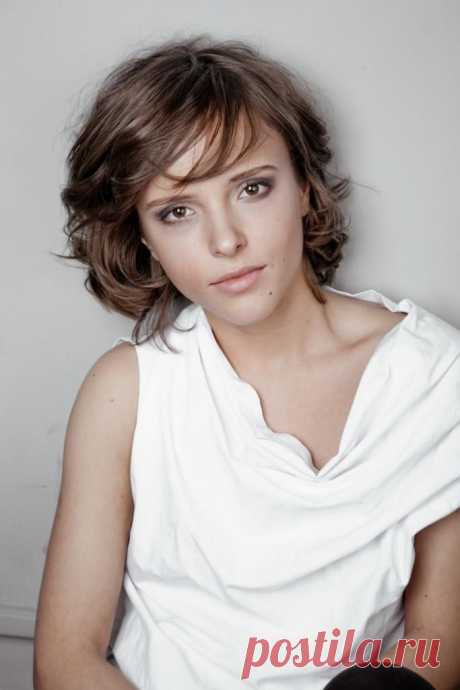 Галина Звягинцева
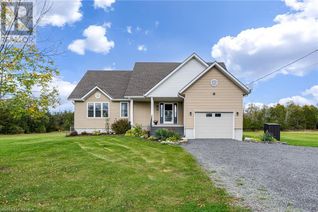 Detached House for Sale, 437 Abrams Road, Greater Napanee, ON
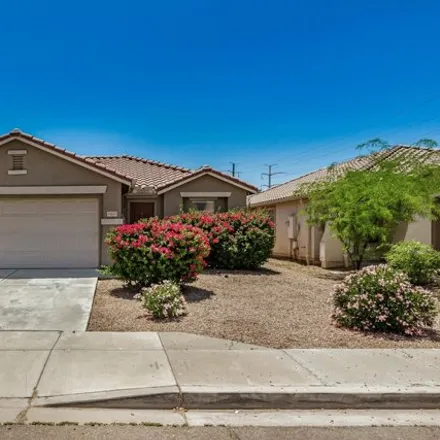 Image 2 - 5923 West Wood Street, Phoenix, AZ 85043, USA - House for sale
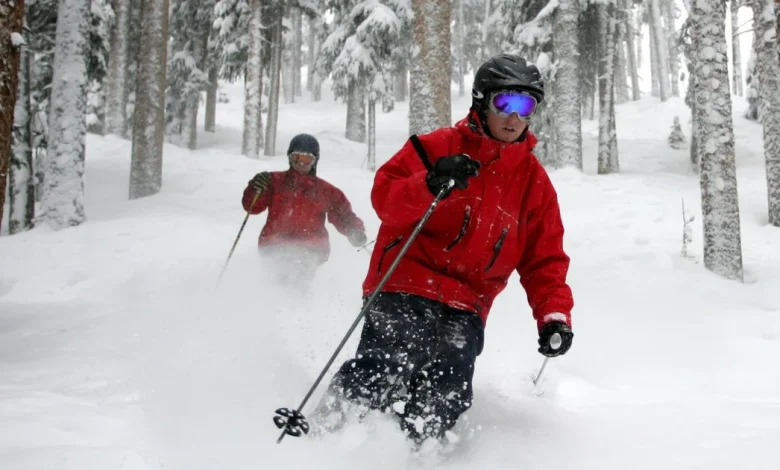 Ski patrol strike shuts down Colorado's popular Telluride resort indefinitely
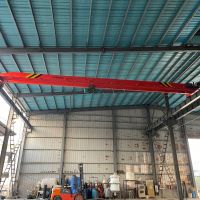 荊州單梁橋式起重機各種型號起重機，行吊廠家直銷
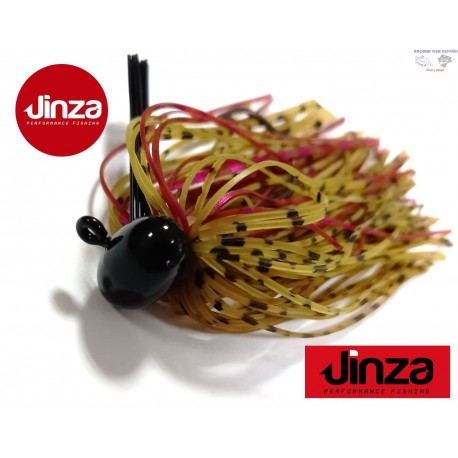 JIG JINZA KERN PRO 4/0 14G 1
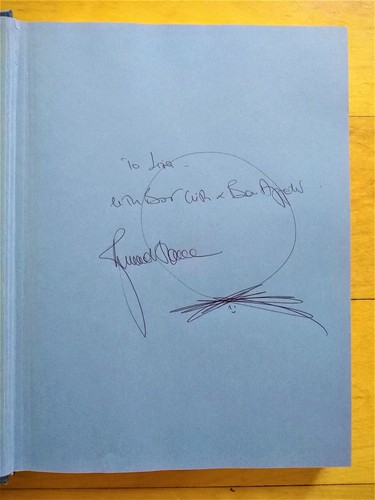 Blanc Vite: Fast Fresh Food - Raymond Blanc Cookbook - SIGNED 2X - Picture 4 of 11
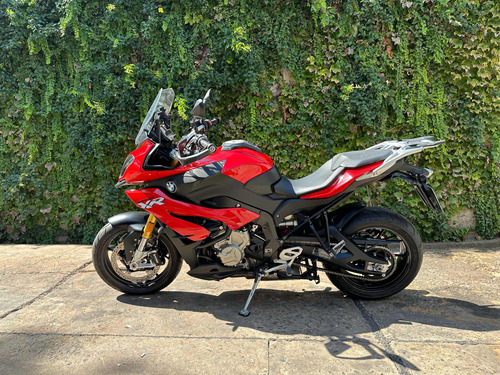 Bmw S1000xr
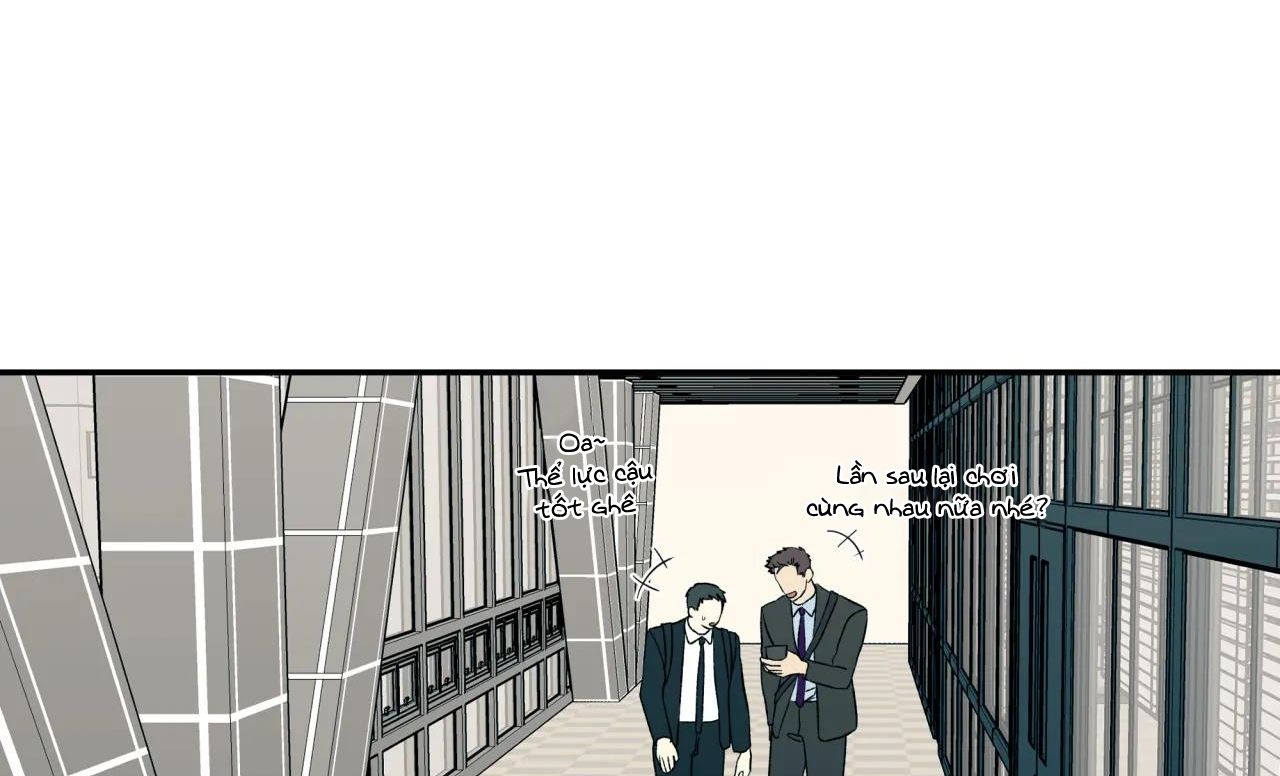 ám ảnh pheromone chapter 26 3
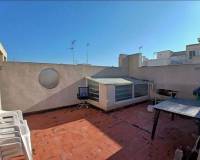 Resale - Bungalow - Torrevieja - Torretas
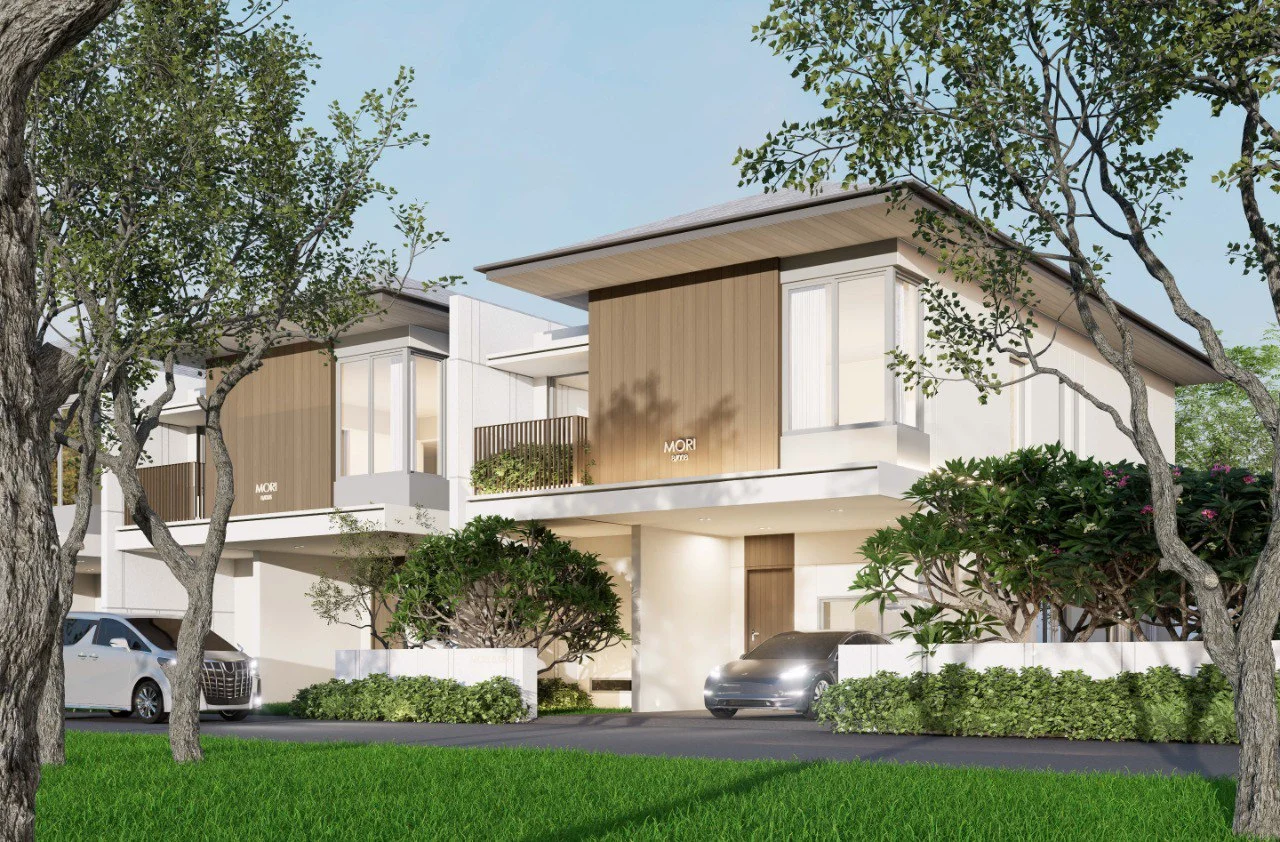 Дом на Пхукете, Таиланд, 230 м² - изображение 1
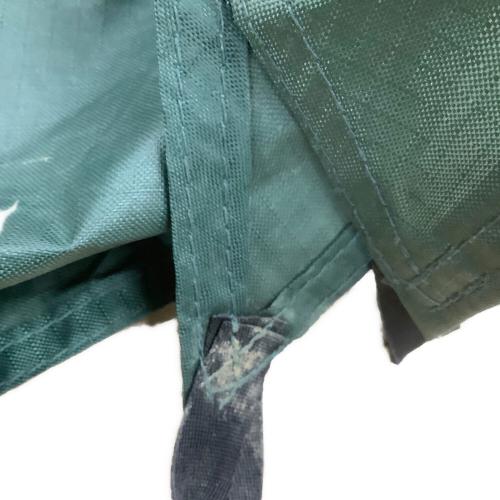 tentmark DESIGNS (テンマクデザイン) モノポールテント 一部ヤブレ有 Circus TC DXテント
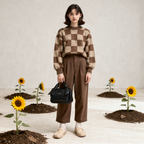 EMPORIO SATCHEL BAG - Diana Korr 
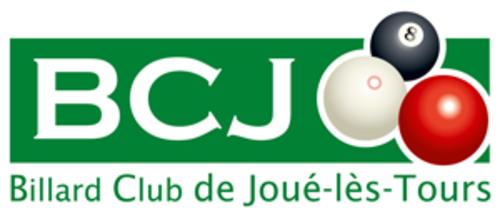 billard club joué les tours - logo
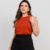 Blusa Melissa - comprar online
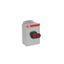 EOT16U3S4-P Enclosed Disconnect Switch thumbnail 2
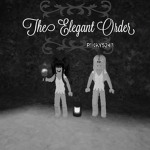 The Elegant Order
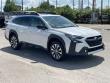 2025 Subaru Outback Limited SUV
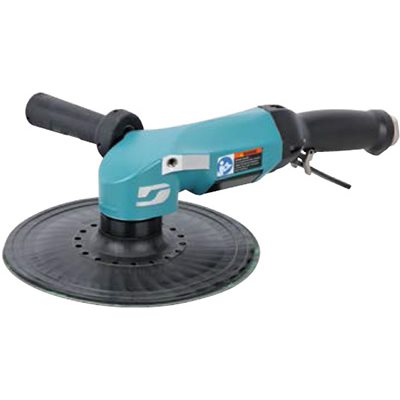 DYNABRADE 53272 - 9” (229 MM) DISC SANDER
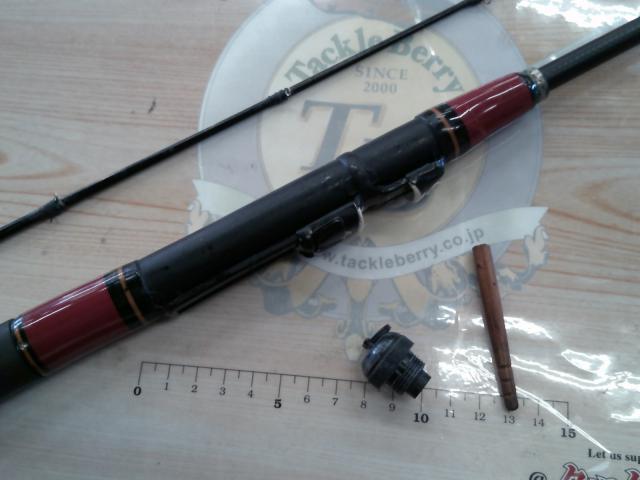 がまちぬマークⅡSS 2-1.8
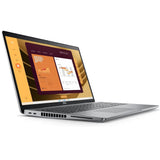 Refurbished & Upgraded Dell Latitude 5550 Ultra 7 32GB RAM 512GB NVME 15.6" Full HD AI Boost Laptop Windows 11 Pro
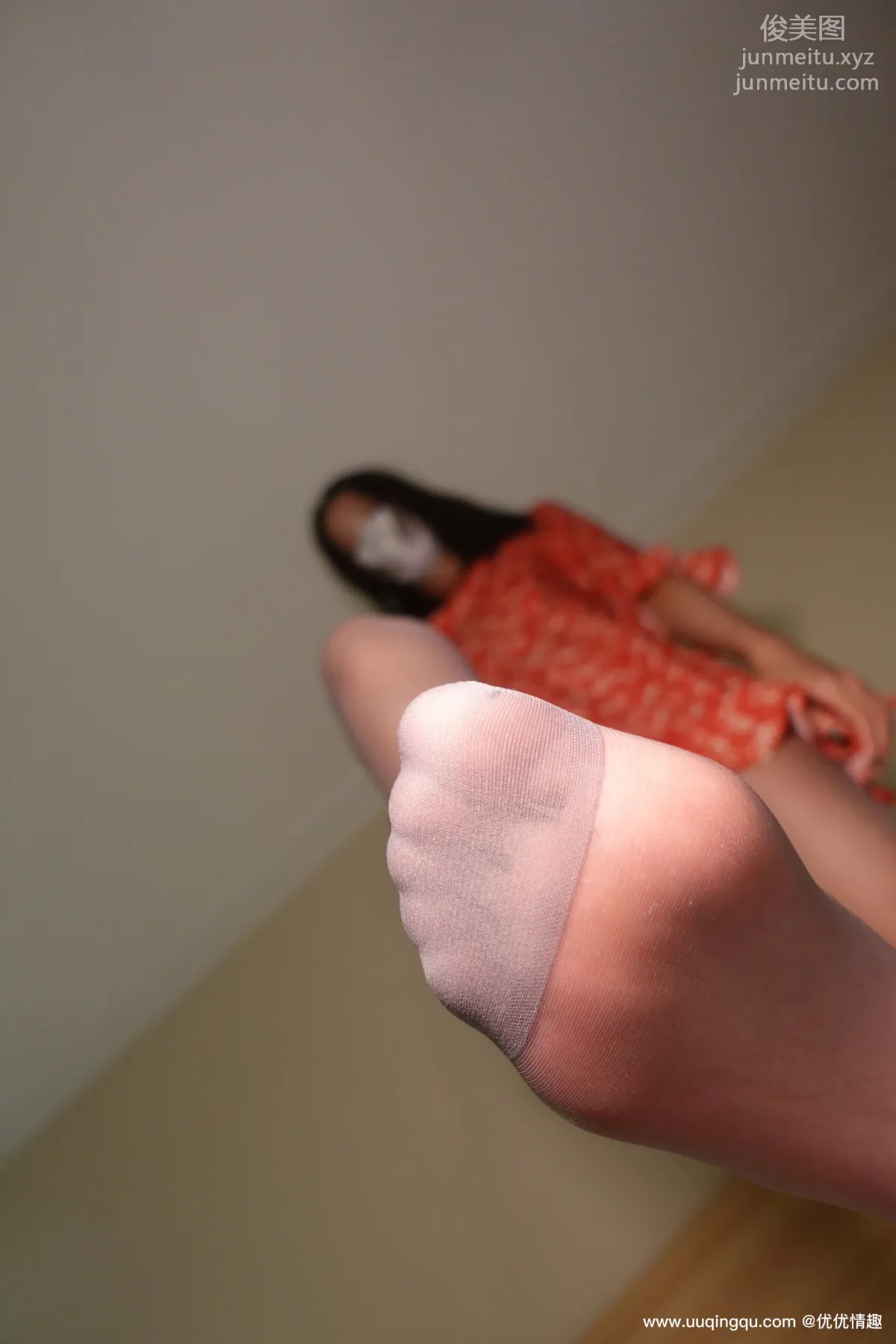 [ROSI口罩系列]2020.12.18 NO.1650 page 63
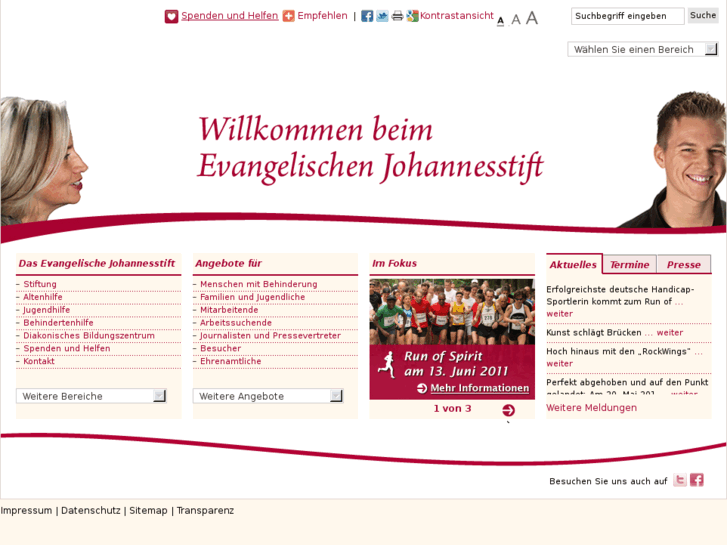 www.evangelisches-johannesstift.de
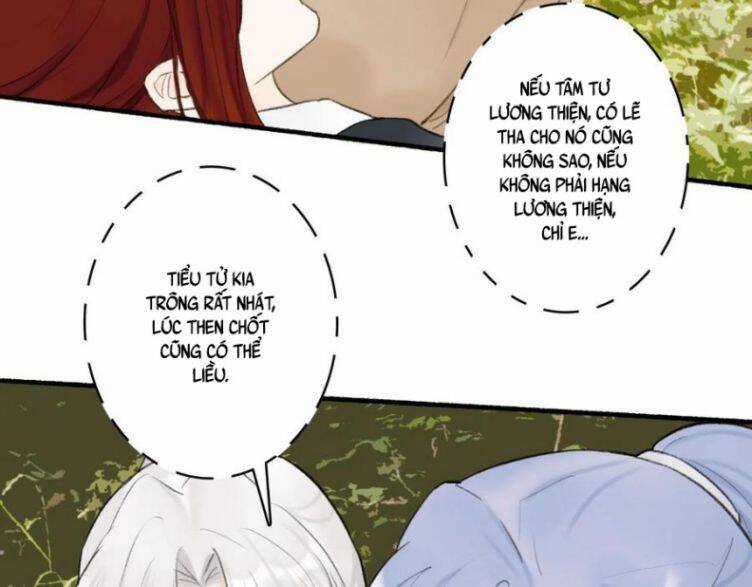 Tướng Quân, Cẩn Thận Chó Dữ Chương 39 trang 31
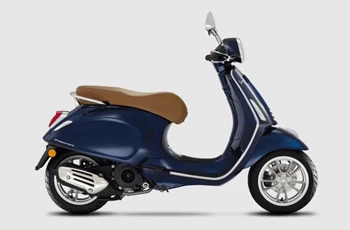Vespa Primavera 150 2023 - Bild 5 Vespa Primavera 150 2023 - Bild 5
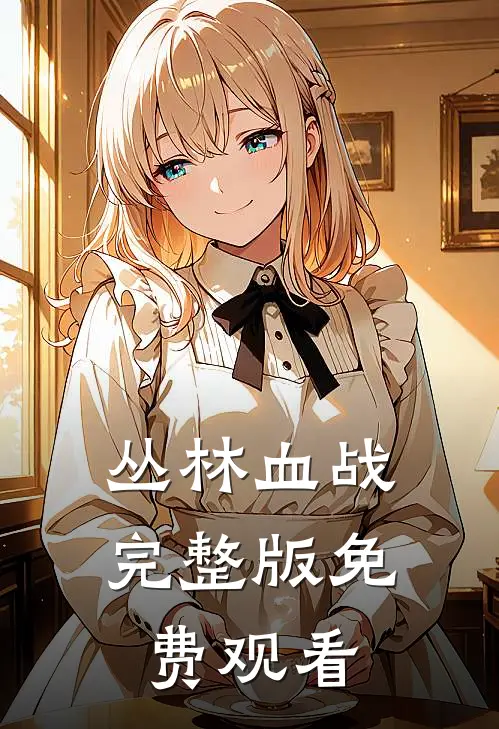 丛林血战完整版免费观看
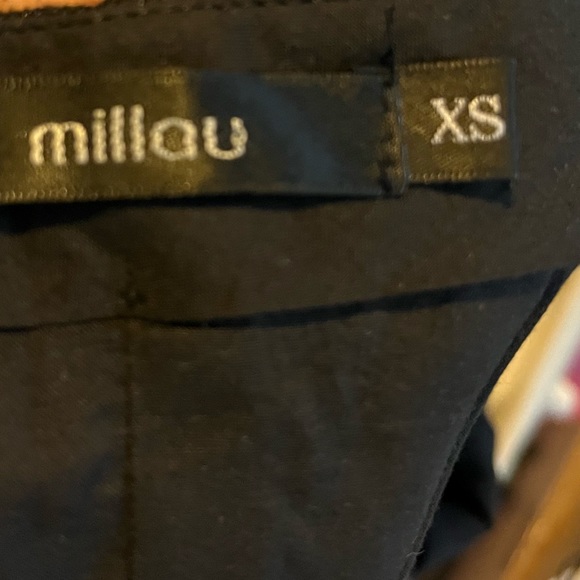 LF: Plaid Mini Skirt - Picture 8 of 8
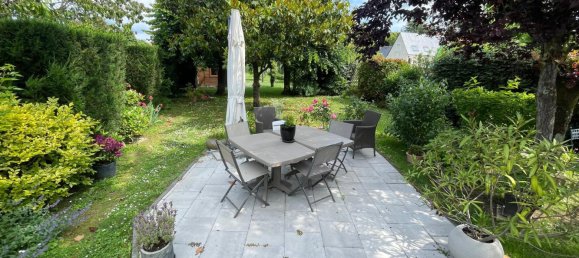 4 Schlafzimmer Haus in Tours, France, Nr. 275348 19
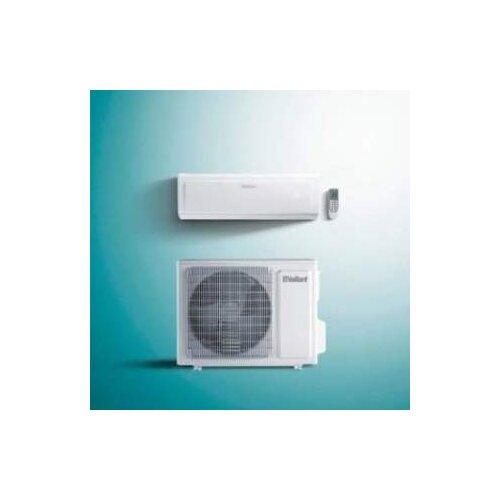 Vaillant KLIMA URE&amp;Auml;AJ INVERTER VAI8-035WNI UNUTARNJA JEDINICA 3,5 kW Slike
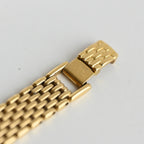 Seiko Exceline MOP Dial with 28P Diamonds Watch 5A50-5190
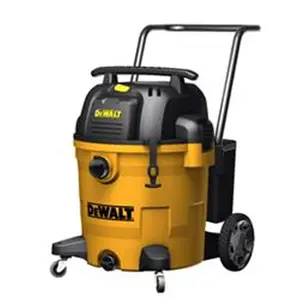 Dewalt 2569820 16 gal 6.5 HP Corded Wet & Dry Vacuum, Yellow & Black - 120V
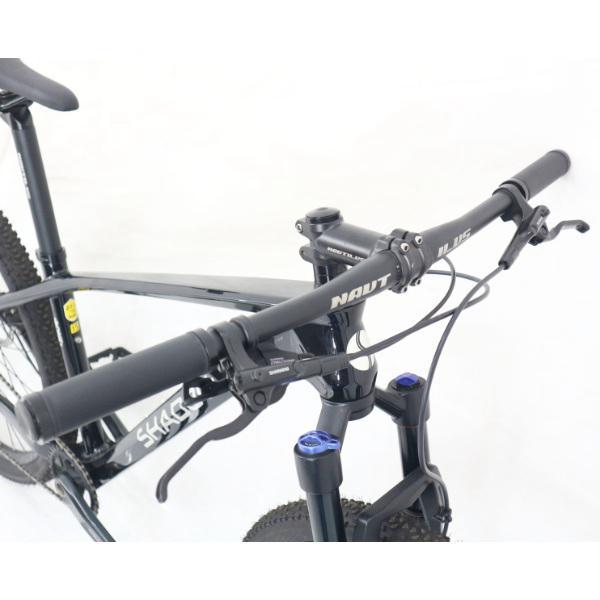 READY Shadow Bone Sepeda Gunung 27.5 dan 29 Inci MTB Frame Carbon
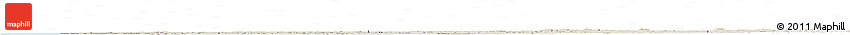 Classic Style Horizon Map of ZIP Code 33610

__________________________________________________

◆ What the exercise asks ◆
Your answer must be the lines above from the one holding "EOT16U3S4-P Enclosed Disconnect" up to and including the one holding "がまちぬマークⅡSS 2-1.8", exact and with no pictures.

◆ Written response ◆
 EOT16U3S4-P Enclosed Disconnect Switch thumbnail 2
 The Elegant Order
 2025 Subaru Outback Limited SUV
 DYNABRADE 53272 - 9” (229 MM) DISC SANDER
 がまちぬマークⅡSS 2-1.8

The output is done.